Concerning, of course, but to whom? “Some private college administrators,” notes the Times, “say they do not have the same moral obligation as public colleges to serve all strata of society.” This is a sentiment taken straight from corporate boardrooms, one that sheds light on deep­ shifts within an American academy that can justify skyrocketing tuitions, ballooning student debt, and an explosion in underpaid, “contingent” faculty — for what? Record salaries for administrators, whose positions are multiplying at a rate soon set to overtake the number of instructors at four-year nonprofit universities? Massive, sometimes global expansion projects that are often vehemently opposed by the university communities themselves?

What’s unfolding is a full-scale corporatization of the American university, where an increasing concentration of power at the top has made students, the curriculum, and the academic workforce into a sideshow. In their place is that ideology ironically cooked up by business schools and corporate management in the 1980s: “maximize shareholder value.” William Lazonick, professor of economics at UMass-Lowell, has extensively demonstrated how this ethic has ravaged the U.S. economy, instructing companies to reinvest their profits in lucrative stock buybacks that benefit top executives instead of wages and job creation. At universities, the important shareholders are those wealthy donors who sit on boards of trustees, engaging in similar parasitism on a different scale. As a 2010 Chronicle of Higher Education study exposed, a shocking (and growing) number of these boards routinely conduct business transactions that enrich their own members, profoundly affecting everyone on campus along the way. 
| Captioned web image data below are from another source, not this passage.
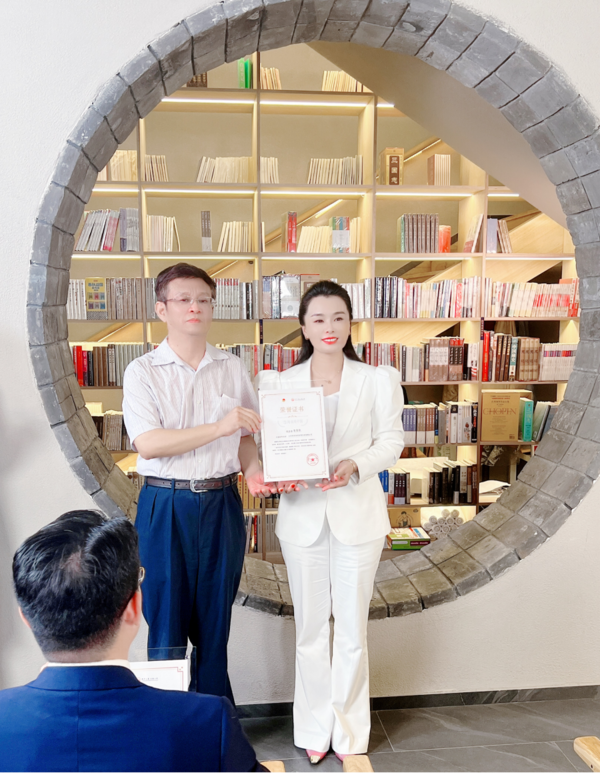 朵拉朵尚创始人李海珍受邀参加《阅读阅中国》大型公益活动!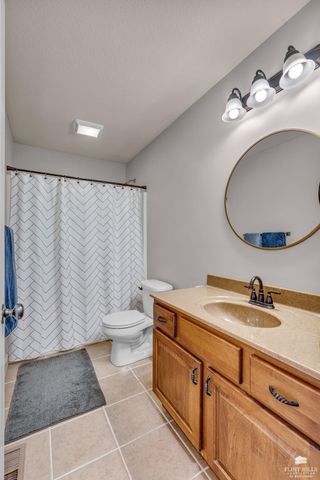 4541 Periwinkle Drive, Manhattan, KS 66502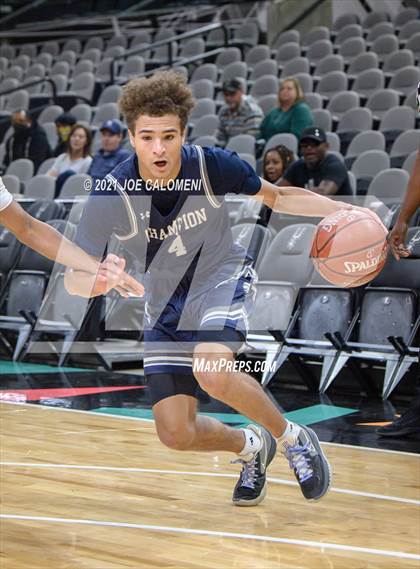 Thumbnail 3 in Boerne-Champion vs Desoto (Spurs High School Showcase) photogallery.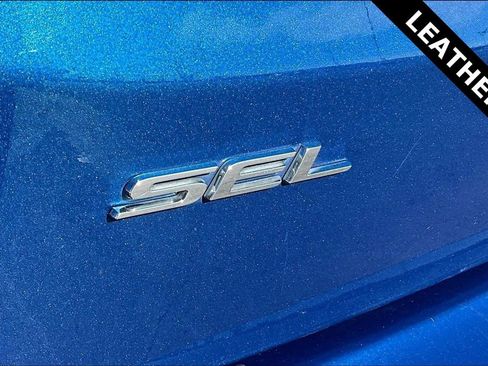 Used 2024 Ford Edge SEL image 23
It’s inside college boardrooms that priorities are set, and unfortunately, poor students aren’t very high on the list. Institutions like Princeton (only 12% Pell grantees) are instead preoccupied with maintaining their enormous alumni cash flows, which impact college rankings much more than socioeconomic diversity. The arrangement has given rise to a set of elite colleges of, for, and by the 1%, where the same Wall Street bankers and captains of industry running the show exclude the poor and mint wildly disproportionate numbers of investment bankers itching to reproduce entrenched inequality. Public colleges, not us, have the responsibility of serving “all strata of society,” say private college administrators, while at the same time public higher education withers under macroeconomic conditions elite private college grads largely created.
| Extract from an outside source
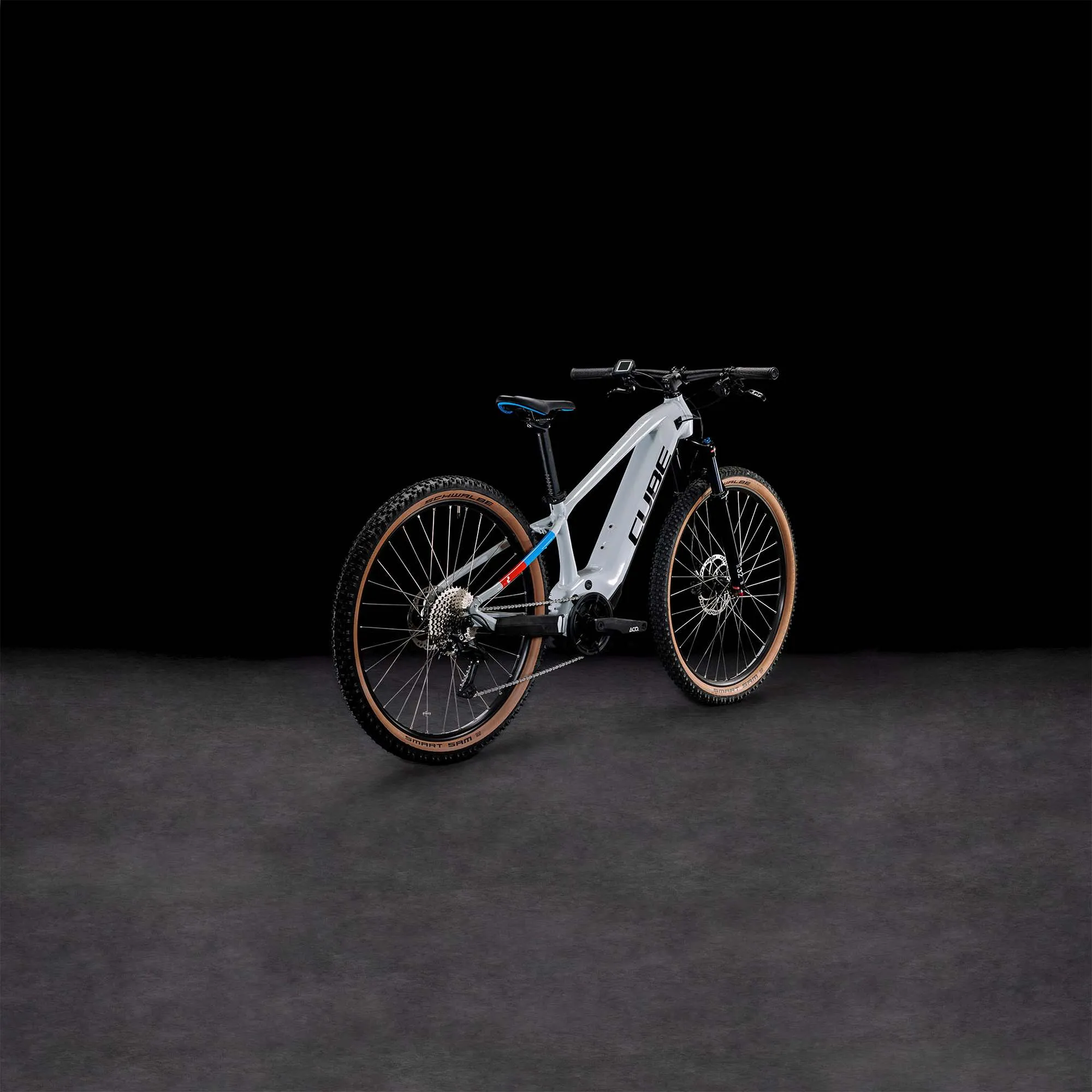 CUBE REACTION HYBRID ROOKIE SLX 400 TEAMLINE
The greatest tragedy of the situation is how easily it can be fixed. In their research on funding higher education, the Brookings Institution has outlined a number of ways to boost low-income enrollment at low cost and real benefit to everyone. Or, to be truly quixotic, we could start treating higher education like the public good it is in other countries. Economist Doug Henwood illustrates how simple it would be to make higher education completely free in the United States: It amounts to less than 2% of the GDP, about three months of Pentagon spending or four months of administering the most inefficient health care system in the world. Such a transformation, however, requires will and commitment that won’t come from those happily perched at the top.